> _GOAL OF THE EXERCISE_:
With the pictures left out, retype exactly the lines below starting at the line that contains "TX license plate CCK3777" and ending at the line that contains "Amanti Art DSW4960867".

> _GIVEN RECORDS_:

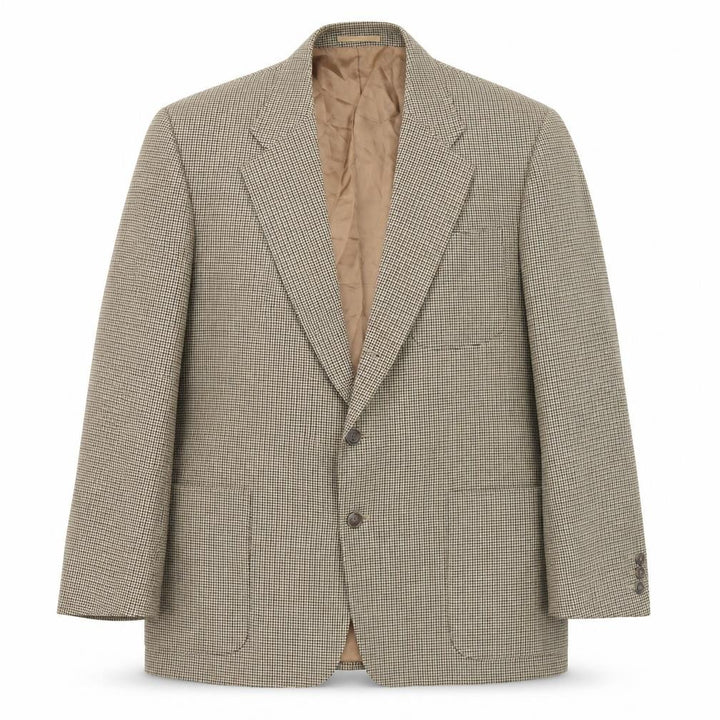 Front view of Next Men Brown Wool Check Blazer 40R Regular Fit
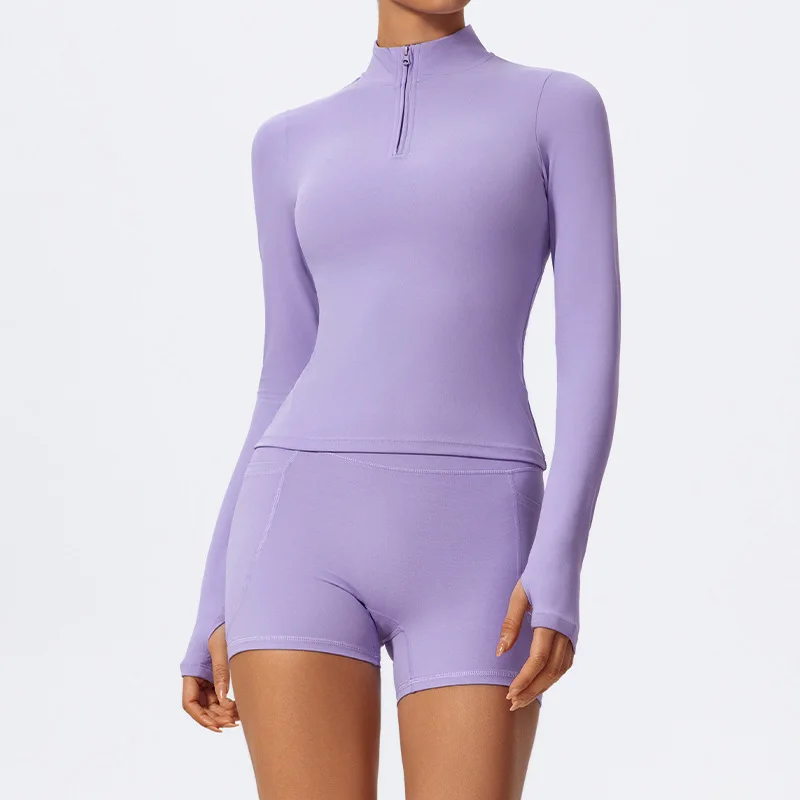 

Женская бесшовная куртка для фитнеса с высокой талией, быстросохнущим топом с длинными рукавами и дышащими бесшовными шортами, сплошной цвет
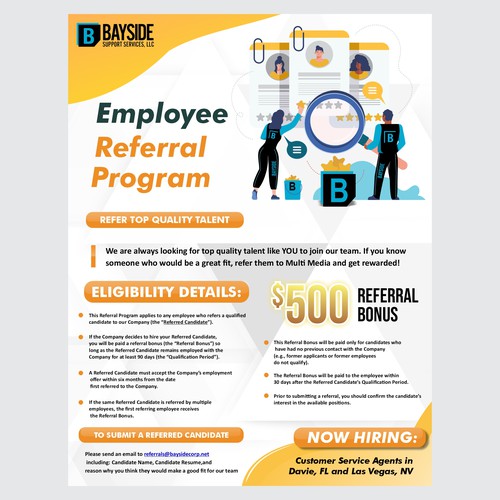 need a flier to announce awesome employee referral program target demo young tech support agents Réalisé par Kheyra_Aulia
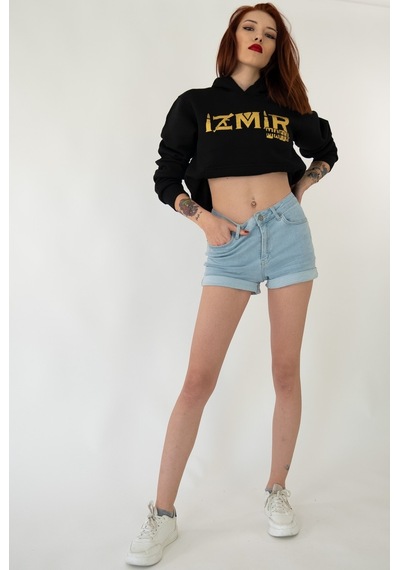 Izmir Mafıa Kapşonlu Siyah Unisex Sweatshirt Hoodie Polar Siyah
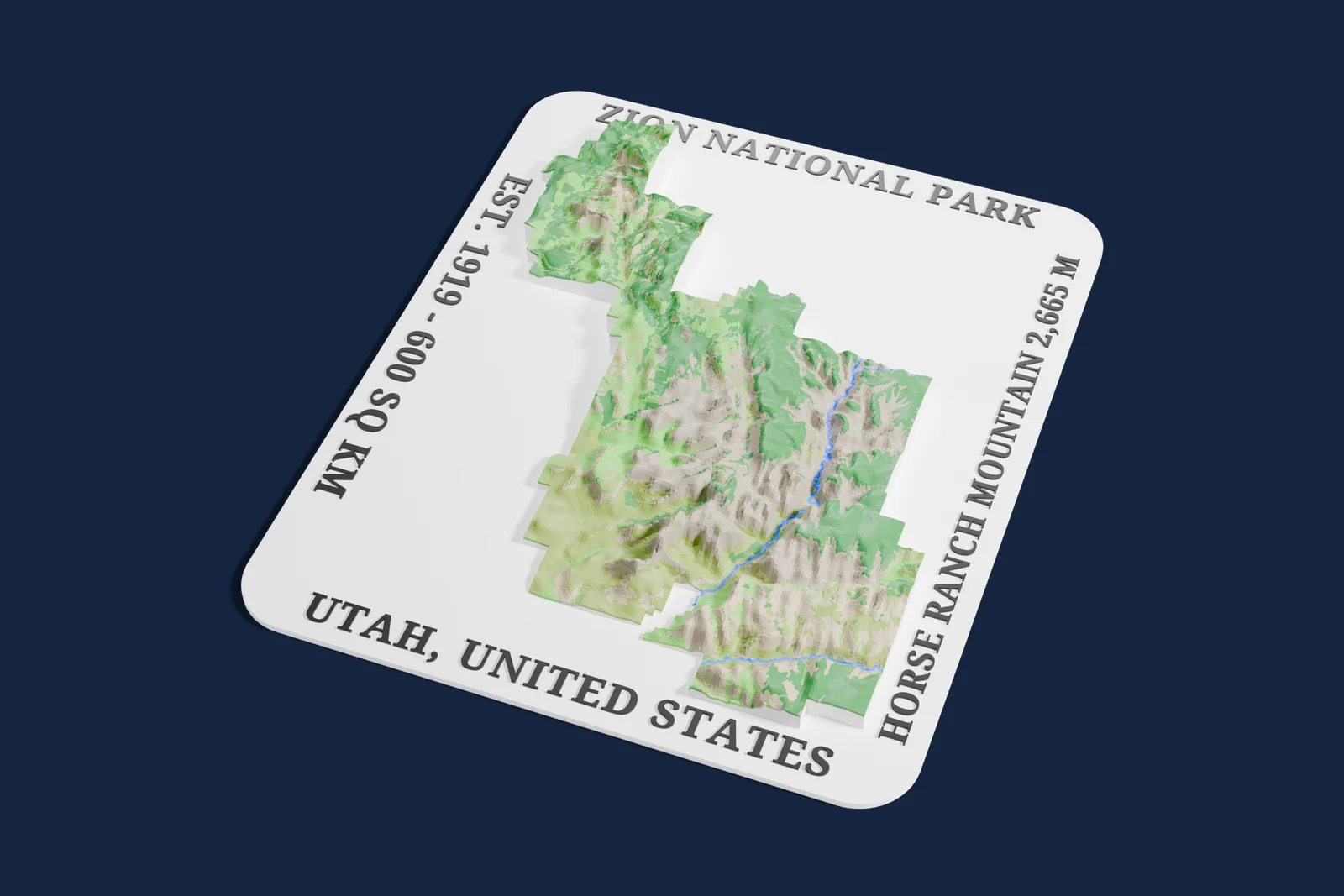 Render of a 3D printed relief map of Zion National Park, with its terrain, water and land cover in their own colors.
...
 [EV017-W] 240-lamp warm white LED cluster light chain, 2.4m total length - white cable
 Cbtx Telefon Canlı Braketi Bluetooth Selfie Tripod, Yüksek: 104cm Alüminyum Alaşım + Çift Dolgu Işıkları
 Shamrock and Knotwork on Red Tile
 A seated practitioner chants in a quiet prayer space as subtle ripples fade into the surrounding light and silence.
--
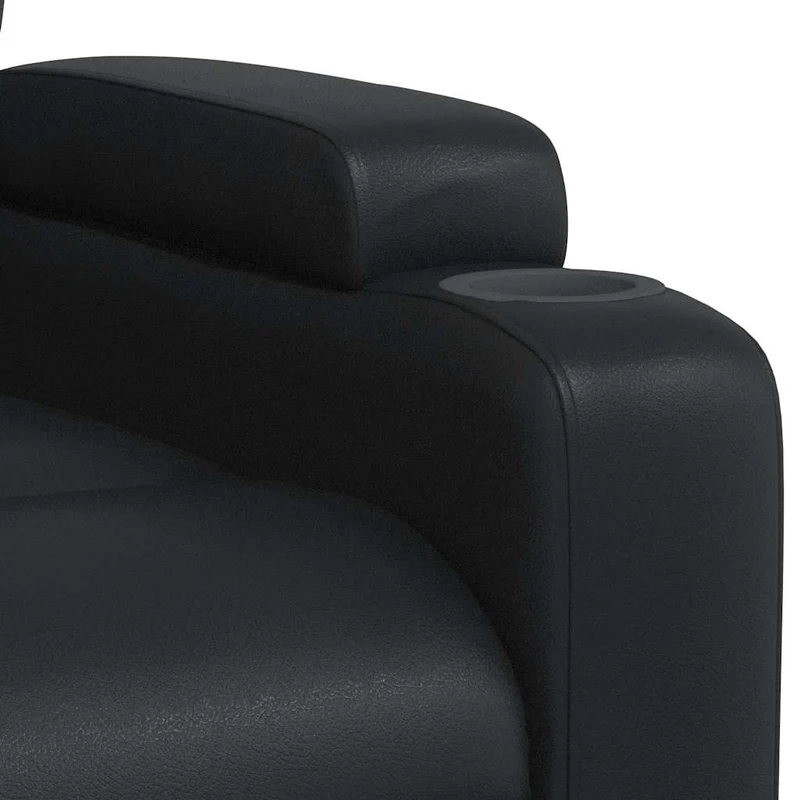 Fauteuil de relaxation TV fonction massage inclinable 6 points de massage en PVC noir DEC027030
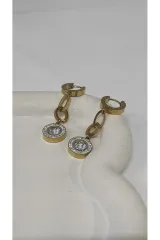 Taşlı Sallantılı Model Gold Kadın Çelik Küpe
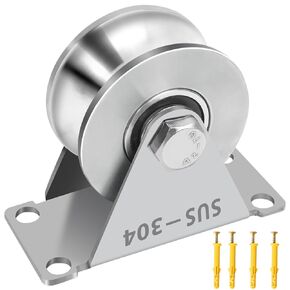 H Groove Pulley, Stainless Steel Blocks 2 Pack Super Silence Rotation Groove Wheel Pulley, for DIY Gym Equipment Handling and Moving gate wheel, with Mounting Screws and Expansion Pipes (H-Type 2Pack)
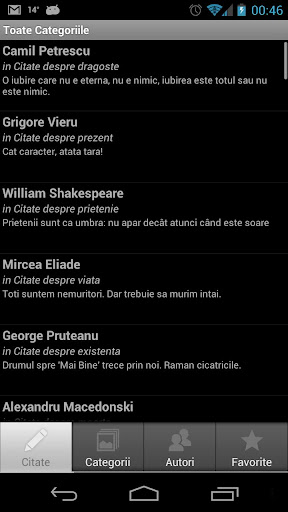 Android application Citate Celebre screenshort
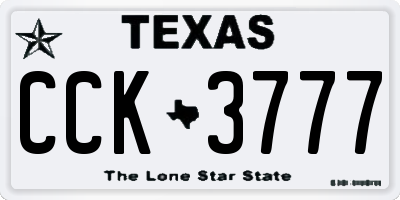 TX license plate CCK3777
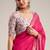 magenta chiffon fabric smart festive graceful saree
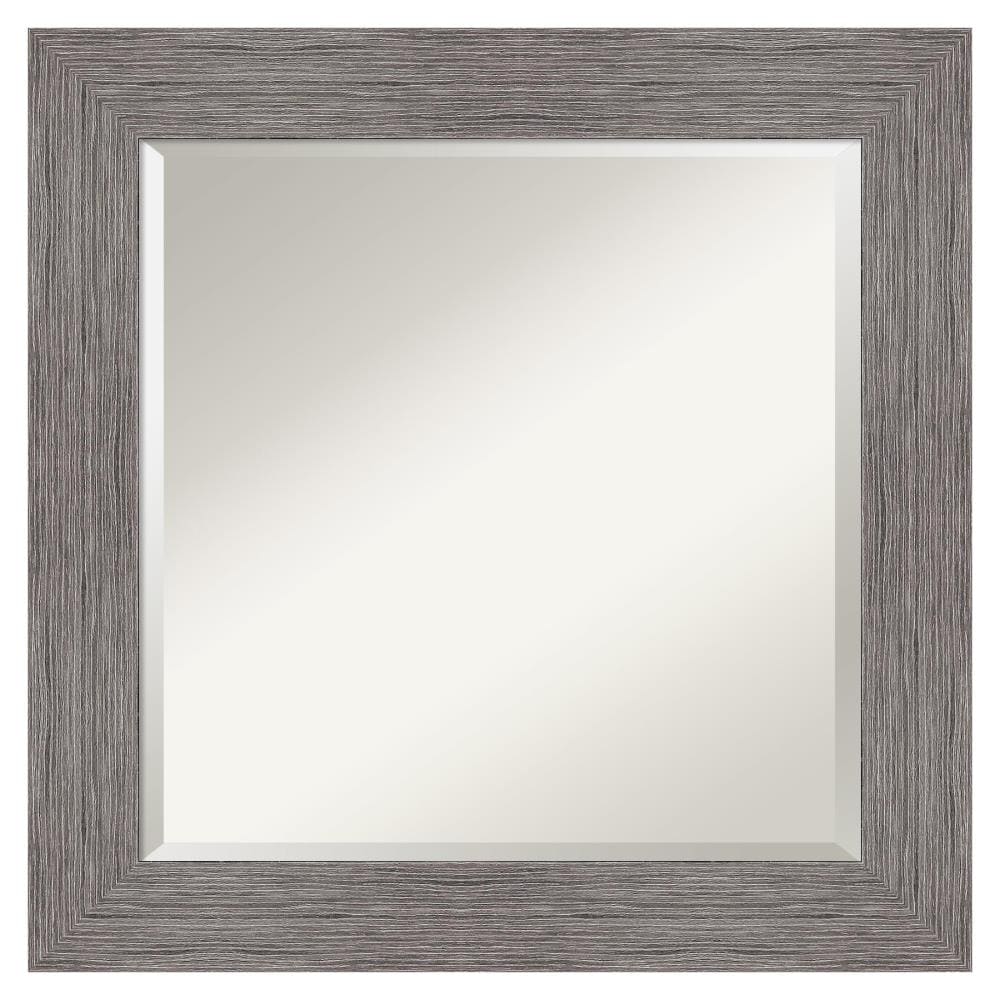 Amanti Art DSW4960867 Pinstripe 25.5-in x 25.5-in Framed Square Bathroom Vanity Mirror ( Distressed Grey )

> _EXERCISE ANSWER_:
 TX license plate CCK3777
 magenta chiffon fabric smart festive graceful saree
 Amanti Art DSW4960867 Pinstripe 25.5-in x 25.5-in Framed Square Bathroom Vanity Mirror ( Distressed Grey )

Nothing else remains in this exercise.